(Captioned web images)
···
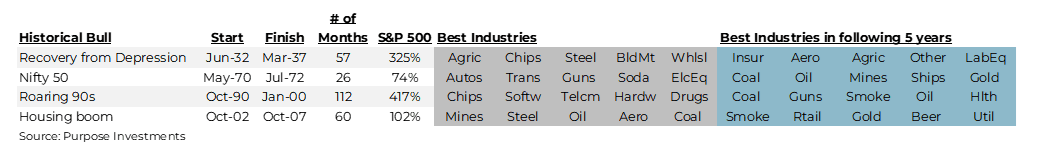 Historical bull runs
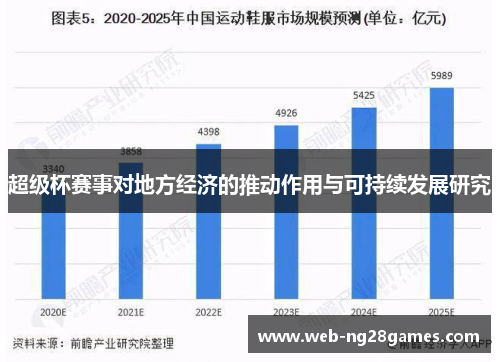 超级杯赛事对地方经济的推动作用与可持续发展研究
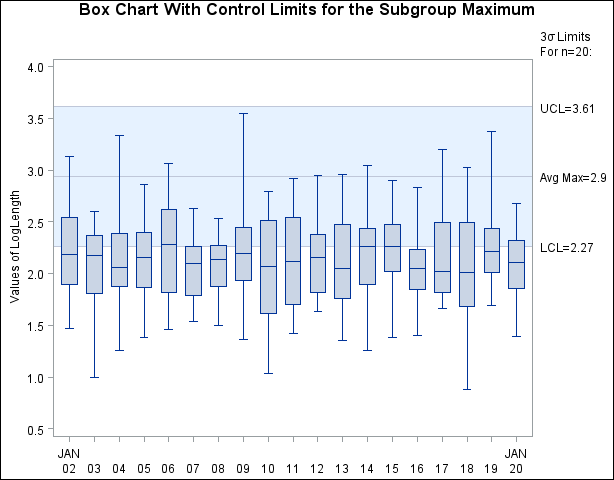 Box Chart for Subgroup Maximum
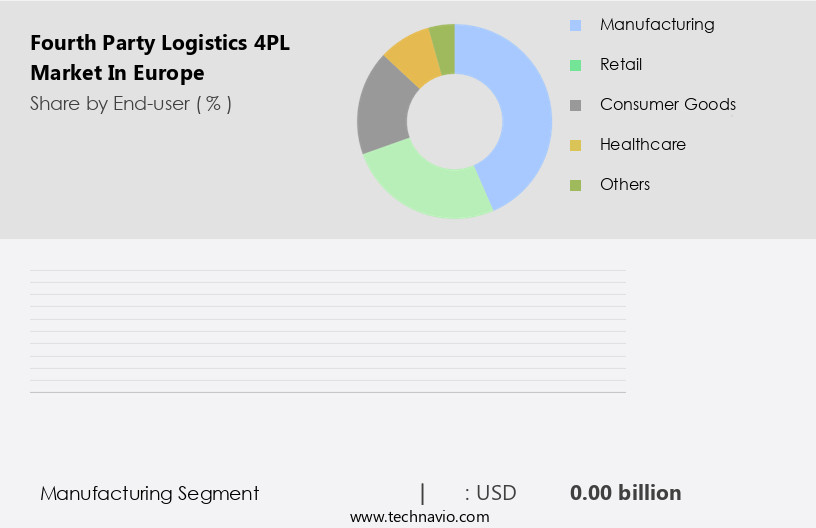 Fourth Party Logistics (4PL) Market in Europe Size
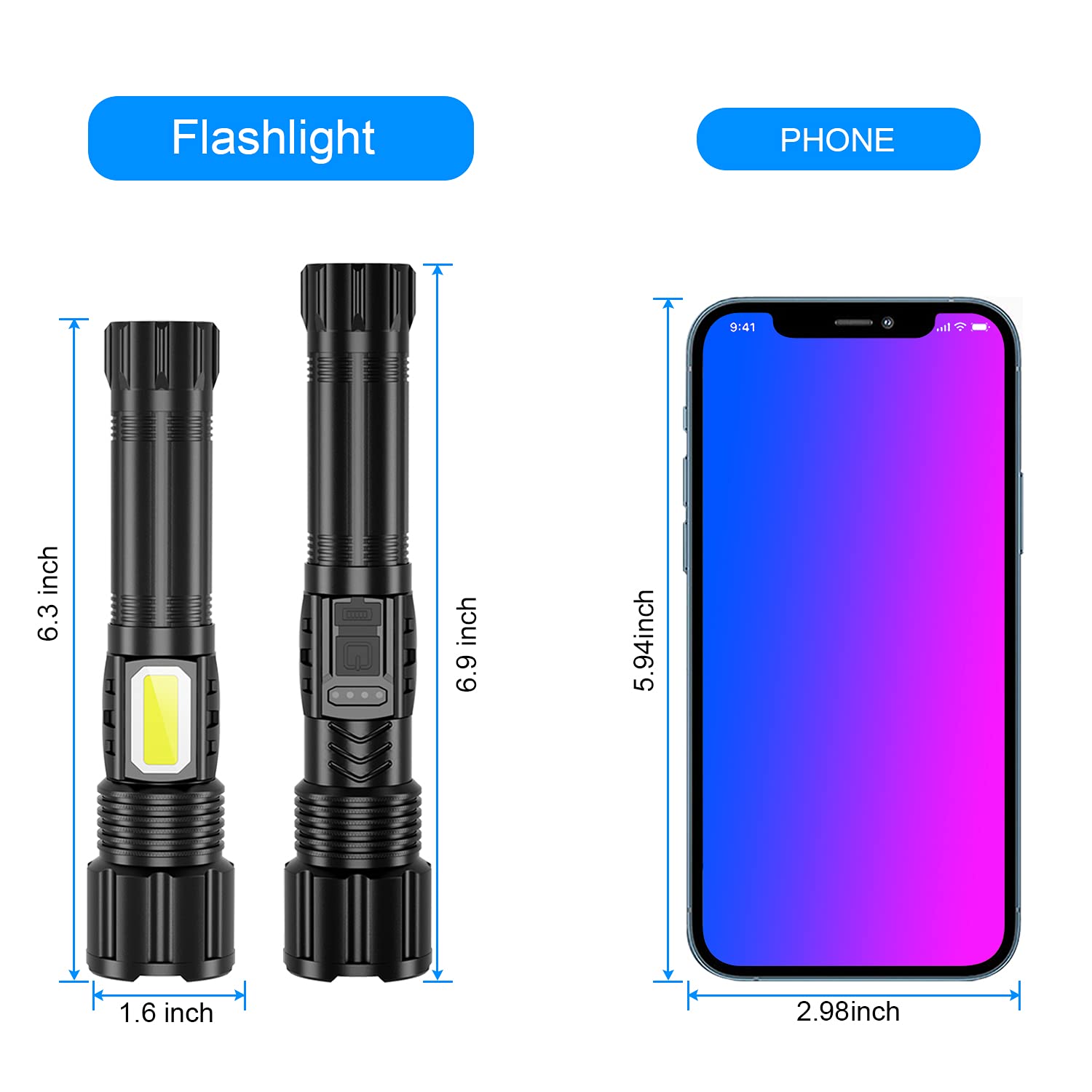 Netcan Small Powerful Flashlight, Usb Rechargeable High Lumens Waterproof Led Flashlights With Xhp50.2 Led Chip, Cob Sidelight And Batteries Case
···
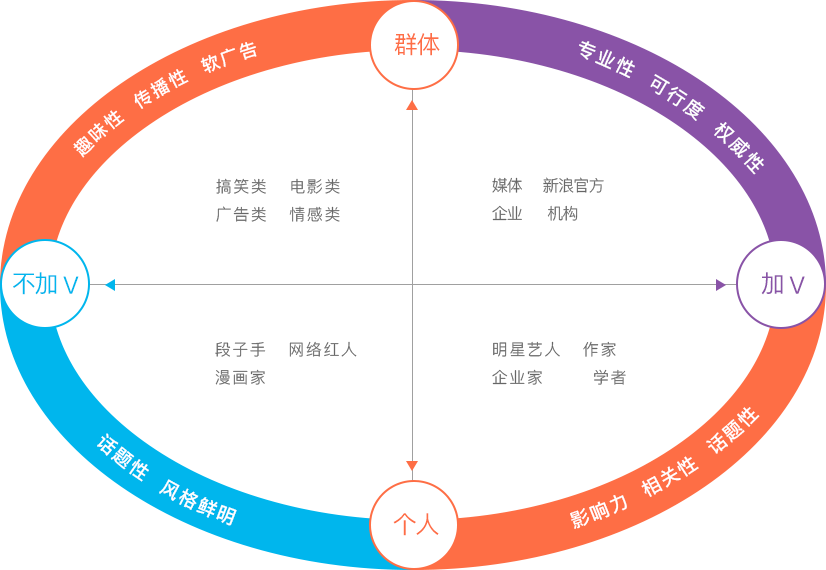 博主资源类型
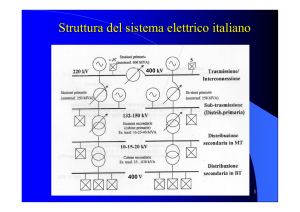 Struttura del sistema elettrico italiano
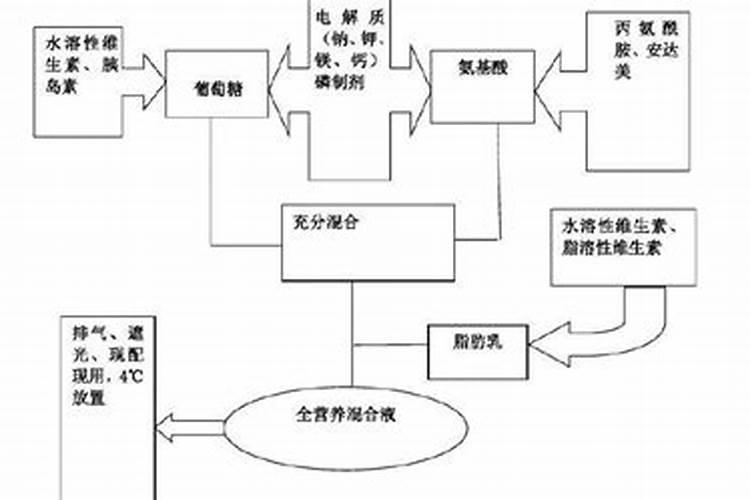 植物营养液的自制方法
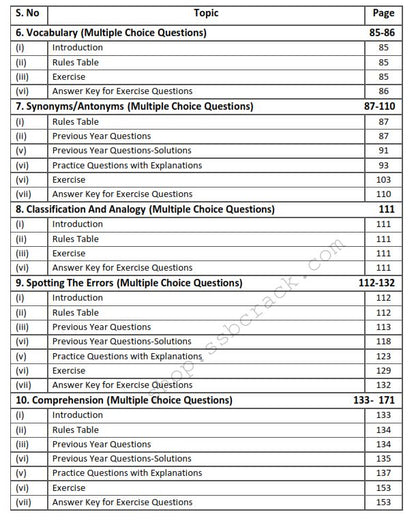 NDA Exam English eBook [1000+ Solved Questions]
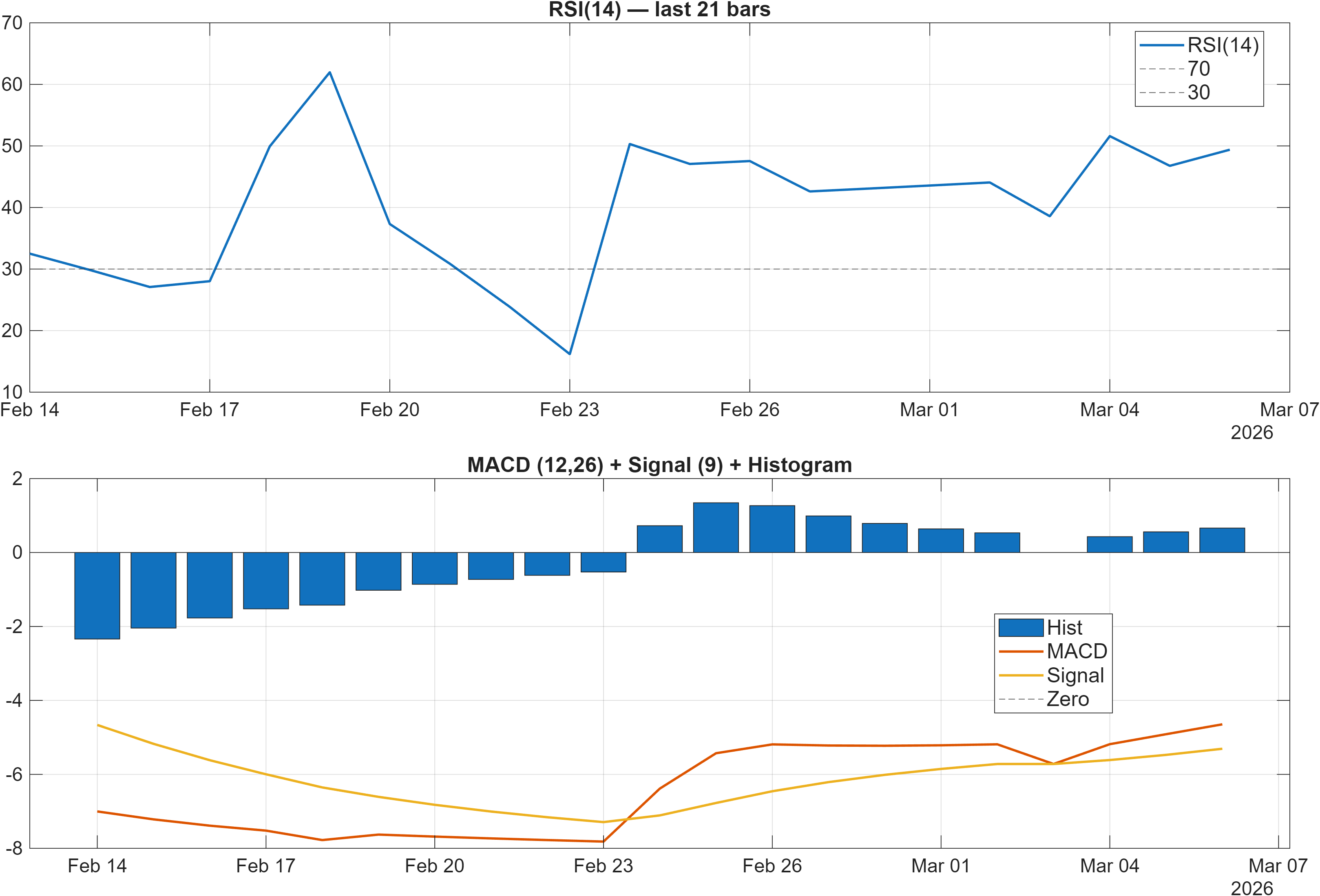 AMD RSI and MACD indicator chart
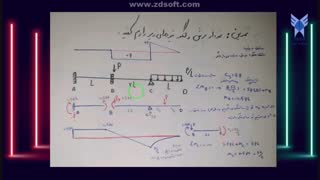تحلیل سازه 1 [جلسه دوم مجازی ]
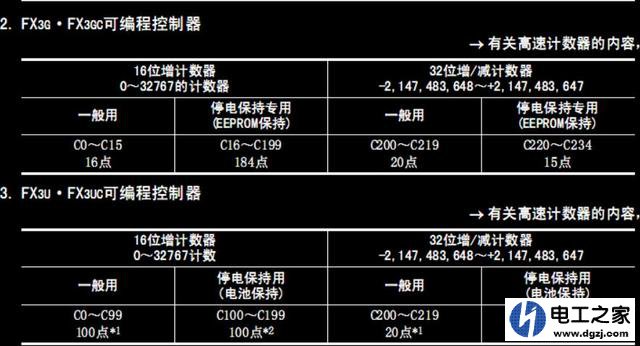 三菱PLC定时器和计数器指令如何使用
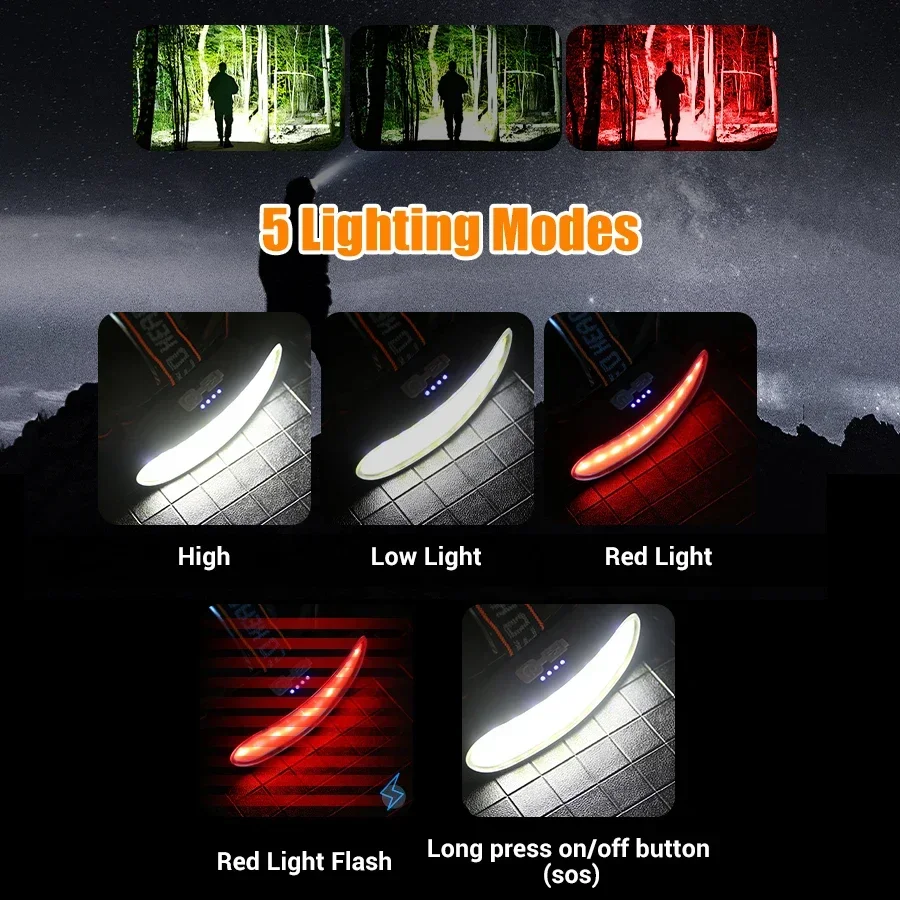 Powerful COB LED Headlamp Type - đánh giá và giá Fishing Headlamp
···
The lines above from the line with "三菱PLC定时器和计数器指令如何使用" through the line with "Powerful COB LED" are to be given again word for word, with no pictures among them.

Result of the exercise:
 三菱PLC定时器和计数器指令如何使用
 Powerful COB LED Headlamp Type - đánh giá và giá Fishing Headlamp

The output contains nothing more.